Sunday, February 27, 2011

Tea gives your brain a lift and reduces tiredness

Since tea contains caffeine, which is a well-known stimulant, I am not at all clear on why this article had to be written

Natural ingredients found in a cup of tea can improve brain power and increase alertness, it is claimed. Researchers looked at the effect of key chemicals found in tea on the mental performance of 44 young volunteers.

The effects of these ingredients, an amino acid called L-theanine – which is also found in green tea – and caffeine at levels typically found in a cup of tea, were compared with a dummy treatment. The active ingredients significantly improved accuracy across a number of switching tasks for those who drank the tea after 20 and 70 minutes, compared with the placebo. The tea drinkers’ alertness was also heightened, the study found.

Tea was also found to reduced tiredness among the volunteers, who were aged under 40, according to the Dutch researchers reporting on their findings in the journal Nutritional Neuroscience.

‘The results suggest the combination helps to focus attention during a demanding cognitive task,’ they said. Previous trials have shown that adding milk to a cup of tea does not affect the drinker’s absorption of flavonoids – or antioxidants – or disrupt the health benefits from these.

Tea drinking has already been linked with lowering the risk of heart disease, cancer and Parkinson’s. Other research shows drinking tea on a regular basis for ten or more years may help improve bone density.

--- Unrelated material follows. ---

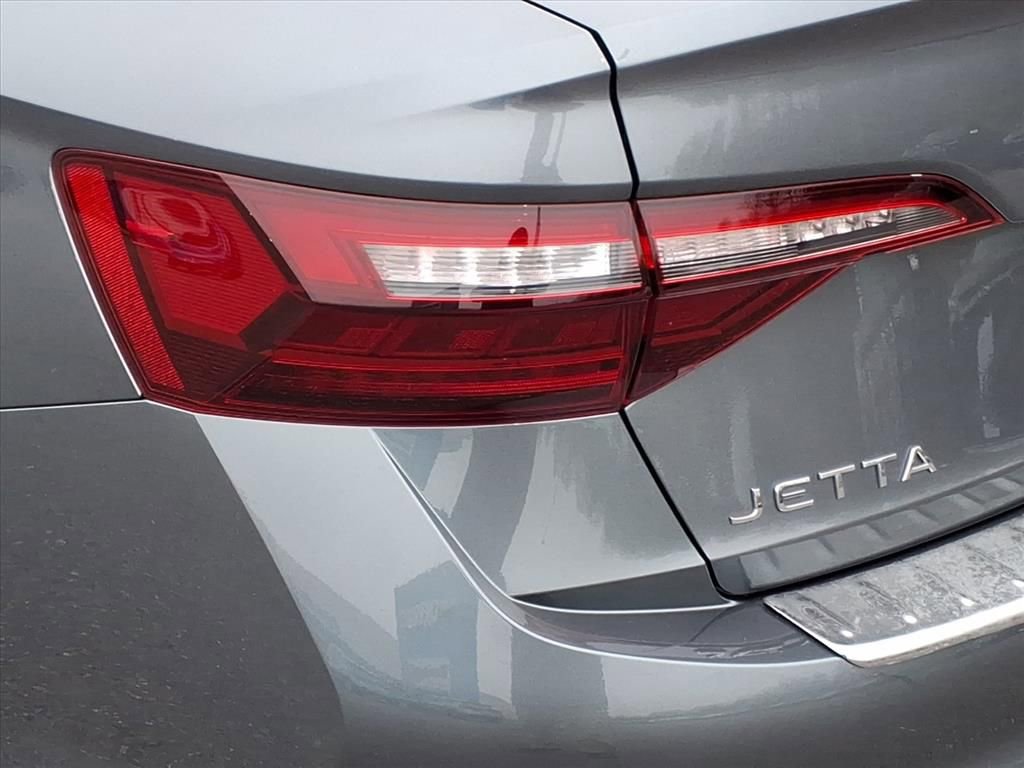 Used 2023 Volkswagen Jetta Sport image 9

Dr Tim Bond, of the industry-backed Tea Advisory Panel, said the latest findings backed a previous study which showed drinking two cups of black tea ‘improves the ability to react to stimuli and to focus attention on the task in hand’. ‘Taken together, these two studies provide evidence that consumption of black tea improves cognitive function, in particular helping to focus attention during the challenge of a demanding mental task,’ he said.

‘As a result, all this new data adds to the growing science that drinking tea, preferably four cups of tea a day, is good for our health and well being.’


Cannabis ingredient 'restores taste buds and lost pleasure in food to cancer patients'

It is well-known that pot gives users "the munchies" so this is not a big surprise. But the methodology below is best passed over in forgiving silence. I think the experimenters must be regular users

The ingredient that gives cannabis its 'high' can help cancer patients recover their sense of taste, researchers say.

A group of patients who had been treated with chemotherapy for advanced cancer were given capsules that either contained THC - the psychoactive chemical in cannabis - or dummy lookalike pills. The 21 volunteers took the tablets for 18 days and were then asked to fill in questionnaires.

Researchers from the University of Alberta, Canada, found 73 per cent of those who took THC reported an increased liking for food, compared to 30 per cent of the placebo group. Just over half of the THC takers said the medication 'made food taste better' compared to one in 10 of the control group.

While both groups consumed roughly the same amount of calories during the trial, the THC patients said they ate more protein and enjoyed savoury foods more. The THC-takers also reported better quality of sleep and relaxation than in the placebo group.

While the experiment is small scale it is the first to explore the touted qualities of THC through random selection of volunteers and use of a 'control' group by which to make a comparison.

Lead investigator Professor Wendy Wismer said the findings were important because cancer, or its treatment, can cripple appetite and lead to dangerous weight loss.

Many cancer patients eat less as they say meat smells and tastes unpleasant following treatment. 'For a long time, everyone has thought that nothing could be done about this,' Professor Wismer said. 'Indeed, cancer patients are often told to 'cope' with chemosensory problems by eating bland, cold and colourless food. This may well have the result of reducing food intake and food enjoyment.'

Professor Wismer said that doctors should consider THC treatment for cancer patients suffering from loss of taste, smell and appetite.

THC was well tolerated, and in terms of side effects there were no differences between the THC and placebo groups, which suggests that long-term therapy is also an option, she said.

Cannabis is a Class B drug in the UK and is illegal to have, give away or sell.

The study appears in the journal Annals of Oncology, published by the European Society for Medical Oncology.